Subsection1.1.2Newton's method in the real domain

Let's take a more general look at Newton's method. The problem is to estimate a root of a real, differentiable function \(f\text{,}\) i.e. a value of \(x\) such that \(f(x)=0\text{.}\) Suppose also that we have an initial guess \(x_0\) for the actual value of the root, which we denote \(r\text{.}\) Often, the value of \(x_0\) will be based on a graph. Since \(f\) is differentiable, we can estimate \(r\) with the root of the tangent line approximation to \(f\) at \(x_0\text{;}\) let's call this point \(x_1\text{.}\) When \(x_0\) is close to \(r\text{,}\) we often find that \(x_1\) is even closer. This process is illustrated in Figure 2 where it indeed appears that \(x_1\) is much closer to \(r\) than \(x_0\text{.}\)

Figure1.1.2One step in Newton's method

We now find a formula for \(x_1\) in terms of the given information. Recall that \(x_1\) is the root of the tangent line approximation to \(f\) at \(x_0\text{;}\) let's call this tangent line approximation \(\ell\text{.}\) Thus,

\begin{equation*} \ell(x) = f(x_0) + f'(x_0)(x-x_0) \end{equation*}

and \(\ell(x_1)=0\text{.}\) Thus, we must simply solve

\begin{equation*} f(x_0) + f'(x_0)(x-x_0) = 0 \end{equation*}

for \(x\) to get \(x_1 = x_0-f(x_0)/f'(x_0)\text{.}\)

Now, of course, \(x_1\) is again a point that is close \(r\text{.}\) Thus, we can repeat the process with \(x_1\) as the guess. The new, better estimate will then be

\begin{equation*} x_2 = x_1 - \frac{f(x_1)}{f'(x_1)}. \end{equation*}

The process can then repeat.

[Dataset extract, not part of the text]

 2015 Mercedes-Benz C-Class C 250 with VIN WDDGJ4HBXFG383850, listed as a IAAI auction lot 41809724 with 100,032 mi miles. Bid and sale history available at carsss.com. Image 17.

Thus, we can define a sequence \((x_n)\) recursively by

\begin{equation*} x_{n+1} = x_n - \frac{f(x_n)}{f'(x_n)}. \end{equation*}

This process is called iteration and the sequence it generates often converges to the root \(r\text{.}\)

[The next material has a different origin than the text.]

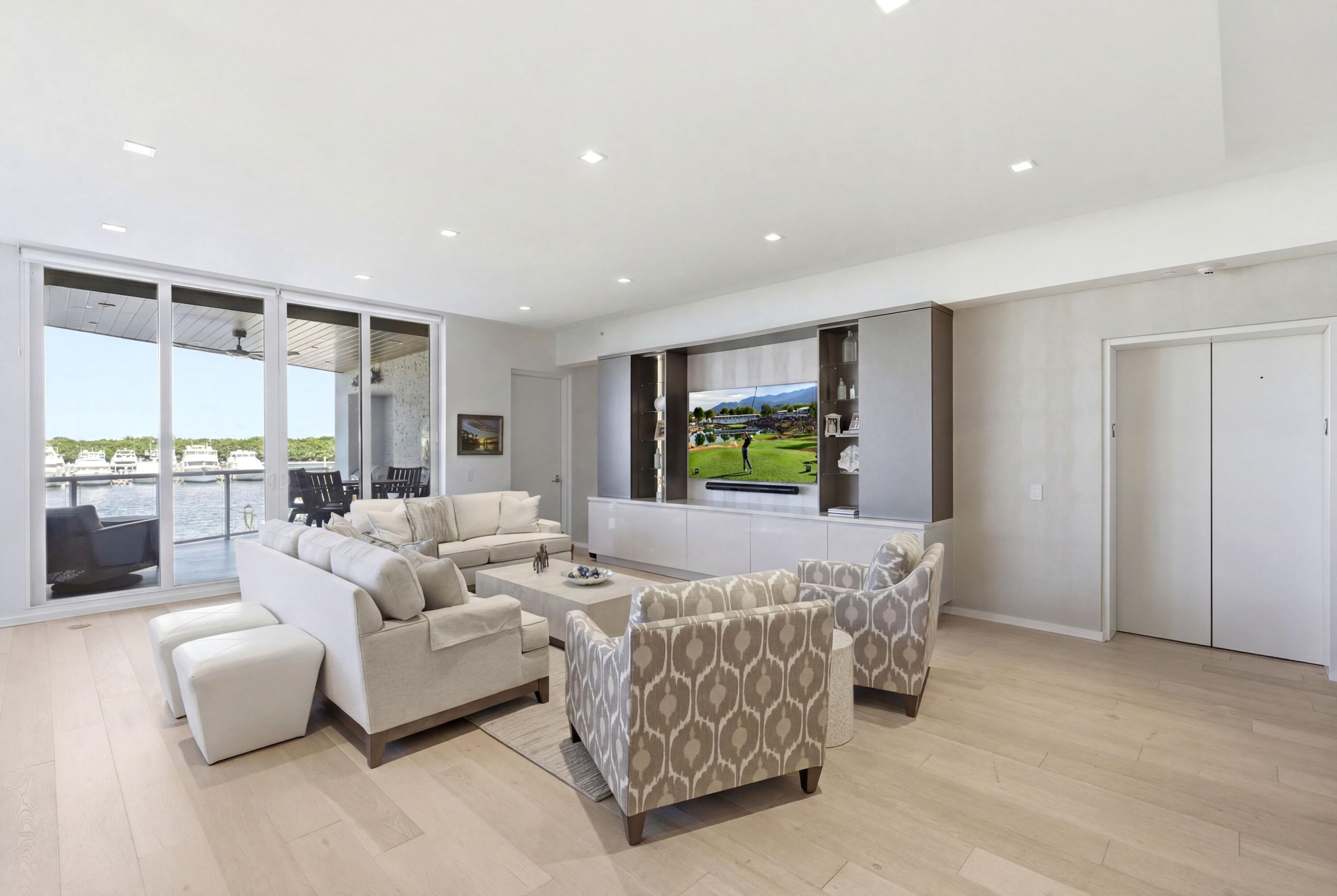 1110 Seminole #201 Fort Lauderdale, FL 33304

Subsubsection1.1.2.1Examples

We now present several examples to illustrate the variety of things that can happen when we apply Newton's method. Throughout, we have a function \(f\) and we defined the corresponding Newton's method iteration function

\begin{equation*} N(x) = x - \frac{f(x)}{f'(x)}. \end{equation*}

We then iterate the function \(N\) from some starting point or, perhaps, from several starting points.

Example1.1.3

We start with \(f(x)=x^2-2\text{.}\) Of course, \(f\) has two roots, namely \(\pm\sqrt{2}\text{.}\) Thus, we might think, of the application of Newton's method to \(f\) as a tool to find good approximations to \(\sqrt{2}\text{.}\)

First, we compute \(N\text{:}\)

\begin{align*} N(x) &= x-f(x)/f'(x) = x-\frac{x^2-2}{2x} \\ &= x-\left(\frac{x^2}{2x}-\frac{2}{2x}\right) = x-\left(\frac{x}{2}-\frac{1}{x}\right) = \frac{x}{2}+\frac{1}{x}. \end{align*}

Now, suppose that \(x_0=1\text{.}\) Then,

\begin{align*} x_1 &= N(1) = \frac{1}{2}+\frac{1}{1} = \frac{3}{2}\\ x_2 &= N(3/2) = \frac{3/2}{2}+\frac{1}{3/2} = \frac{17}{12}\\ x_3 &= N(17/12) = \frac{17/12}{2}+\frac{1}{17/12} = \frac{577}{408} \end{align*}

Note that

\begin{equation*} (577/408)^2 = 332929/166464 = 2+1/166464 \end{equation*}

so that third iterate is quite close to \(\sqrt{2}\text{.}\)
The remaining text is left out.